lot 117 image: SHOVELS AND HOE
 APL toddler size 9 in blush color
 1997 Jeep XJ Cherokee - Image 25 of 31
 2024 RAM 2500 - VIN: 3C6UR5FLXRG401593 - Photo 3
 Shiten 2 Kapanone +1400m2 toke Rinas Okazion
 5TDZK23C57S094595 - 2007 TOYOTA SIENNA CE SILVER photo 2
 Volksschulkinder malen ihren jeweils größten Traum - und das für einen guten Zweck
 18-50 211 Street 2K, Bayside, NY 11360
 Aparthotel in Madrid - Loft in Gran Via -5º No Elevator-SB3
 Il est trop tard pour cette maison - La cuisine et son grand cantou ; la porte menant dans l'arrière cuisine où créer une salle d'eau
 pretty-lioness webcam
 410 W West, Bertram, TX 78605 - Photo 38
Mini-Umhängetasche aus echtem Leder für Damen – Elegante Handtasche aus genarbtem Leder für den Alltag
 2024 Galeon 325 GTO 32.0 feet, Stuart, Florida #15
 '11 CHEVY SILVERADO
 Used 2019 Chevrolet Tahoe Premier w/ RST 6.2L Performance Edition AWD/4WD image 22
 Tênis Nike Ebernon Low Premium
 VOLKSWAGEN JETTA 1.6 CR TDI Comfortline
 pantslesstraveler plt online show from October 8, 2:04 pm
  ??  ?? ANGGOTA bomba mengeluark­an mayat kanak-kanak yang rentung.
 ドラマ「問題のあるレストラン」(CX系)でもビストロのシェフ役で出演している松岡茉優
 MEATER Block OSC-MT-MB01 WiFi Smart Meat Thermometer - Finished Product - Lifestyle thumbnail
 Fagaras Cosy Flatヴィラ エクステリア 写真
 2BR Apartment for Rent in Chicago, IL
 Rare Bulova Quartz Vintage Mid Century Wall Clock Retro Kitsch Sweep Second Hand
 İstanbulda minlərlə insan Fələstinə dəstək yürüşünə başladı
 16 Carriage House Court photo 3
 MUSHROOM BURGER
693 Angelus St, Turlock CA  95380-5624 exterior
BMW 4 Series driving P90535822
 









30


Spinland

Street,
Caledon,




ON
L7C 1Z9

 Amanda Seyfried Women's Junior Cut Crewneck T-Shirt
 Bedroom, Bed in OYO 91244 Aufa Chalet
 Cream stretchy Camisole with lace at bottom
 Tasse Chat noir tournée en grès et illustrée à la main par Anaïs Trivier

========================================================================

TASK STATEMENT
Going down the listing above, begin printing at the line with "2024 Galeon 325" and finish with the line with "ドラマ「問題のあるレストラン", exactly as they appear.

RESPONSE
 2024 Galeon 325 GTO 32.0 feet, Stuart, Florida #15
 '11 CHEVY SILVERADO
 Used 2019 Chevrolet Tahoe Premier w/ RST 6.2L Performance Edition AWD/4WD image 22
 Tênis Nike Ebernon Low Premium
 VOLKSWAGEN JETTA 1.6 CR TDI Comfortline
 pantslesstraveler plt online show from October 8, 2:04 pm
  ??  ?? ANGGOTA bomba mengeluark­an mayat kanak-kanak yang rentung.
 ドラマ「問題のあるレストラン」(CX系)でもビストロのシェフ役で出演している松岡茉優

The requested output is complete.